Thanks.  I'll pick one up next time I'm there.


----------



## chartle (Aug 20, 2015)

I prefer the HF tapered reamer thats about a foot away from that deburr tool. Deburs and puts a slight taper in the end


----------



## Skie_M (Aug 20, 2015)

Wildman said:


> Don’t have a current catalog but did look up that Slow Speed Blank Drying System for $59.95.
> 
> An inexpensive beer/soda cooler outfitted with a computer fan and racks and optional small light for heat would work better. Only prep need to do to the blank is scrap wax from the sides.
> 
> ...



That system is actually meant more for spinning the blanks at slow speed to allow the finish to dry evenly without drips or runs.  Now, if you modified your home made drying kiln/rack system to add a small DC motor to run along with the fan and spin an old mandrel mounted on a makeshift spindle inside of there, you'ld have a winner for sure! 

To square my blanks .... I don't have those barrel trimmer thingies ... not yet.  I take my rounded blanks that I've drilled and glued to my sander and I roll them on the table to give me a uniform sanded edge ... I take it right down to the brass tubes.

And, for reaming my brass tubes ... right after I've squared them to the blanks on the sander, I grab an old exacto-knife and I just run the edge of the blade along the inside of the tube.  It takes a small amount of brass right off, leaving a clean edge behind.  If there's any glue that has run inside, I turn the blade to run flat against the inner wall and scrape the glue away.  Since I don't sand the inside of my brass tubes, the glue just peels right off.

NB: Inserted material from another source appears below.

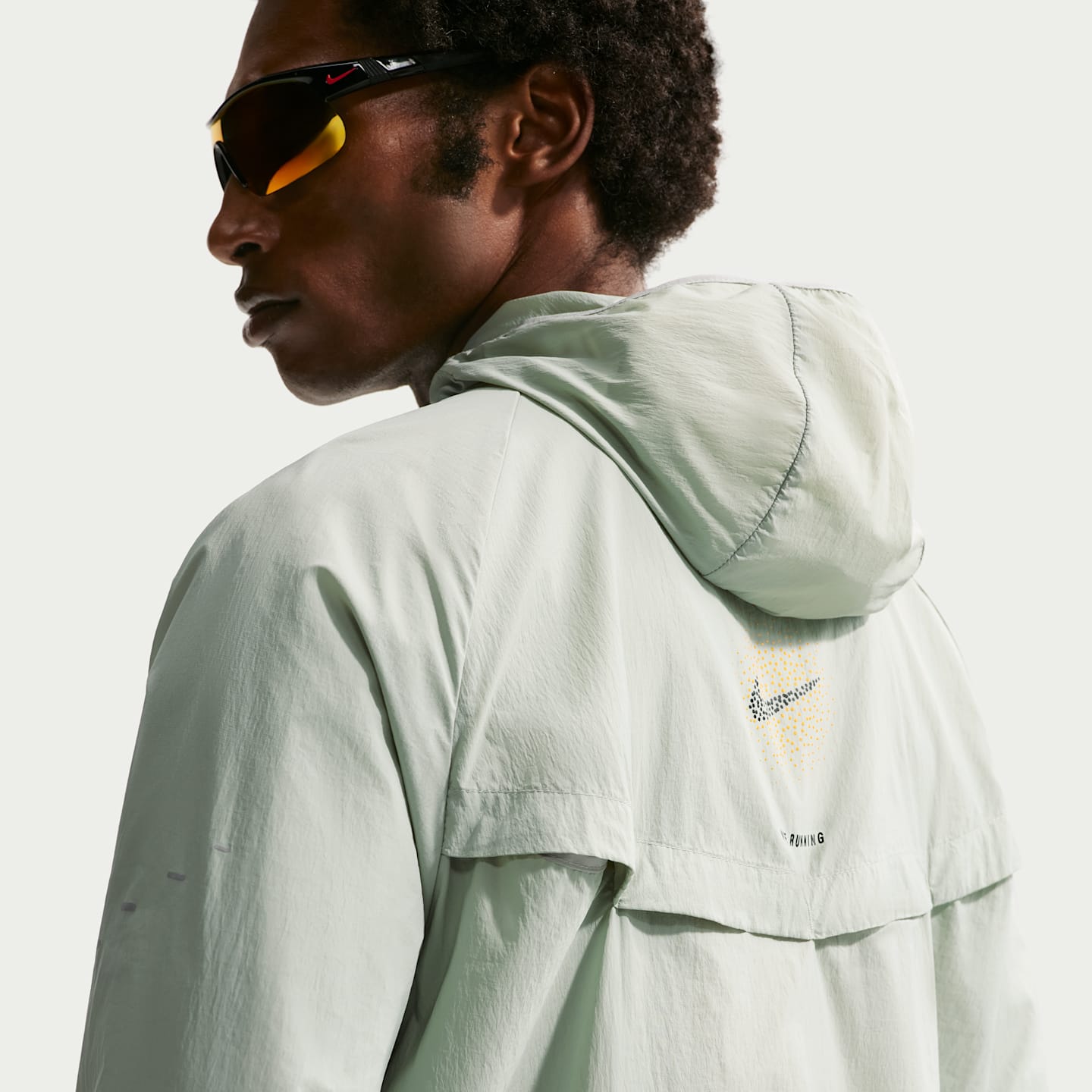 Мужские куртки Nike Stride Men's Repel UV Protection Running Jacket — фото 2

I used to use a countersink tool from HFT ... cost me 1 dollar, but as I was always grabbing for the exacto-knife for glue that may have run inside the tube, I just don't bother with it anymore.



Could I live without all those fancy gadgets and gizmos? sure .... but would I like to have some of them?   I could use the barrel trimmer, it would make that part a lot easier.  I can live without the rest!


----------



## darrin1200 (Aug 20, 2015)

For a slow drying rack, take a quick run by your local thrift store or garage sale. A bbq rottisserie should work just dandy.


----------



## LoneOak (Aug 29, 2015)

For the chamfering tool, I have an old machinists counter sink bit that has a 1/4" shaft.  I turned a handle out of scrap and drilled a hole down the center and 1" in.  The next time I mixed some epoxy I made just a little extra and epoxied the counter sink in the handle.

A couple quick spins on both ends of a blanks tubes and I have that perfect inside edge.


----------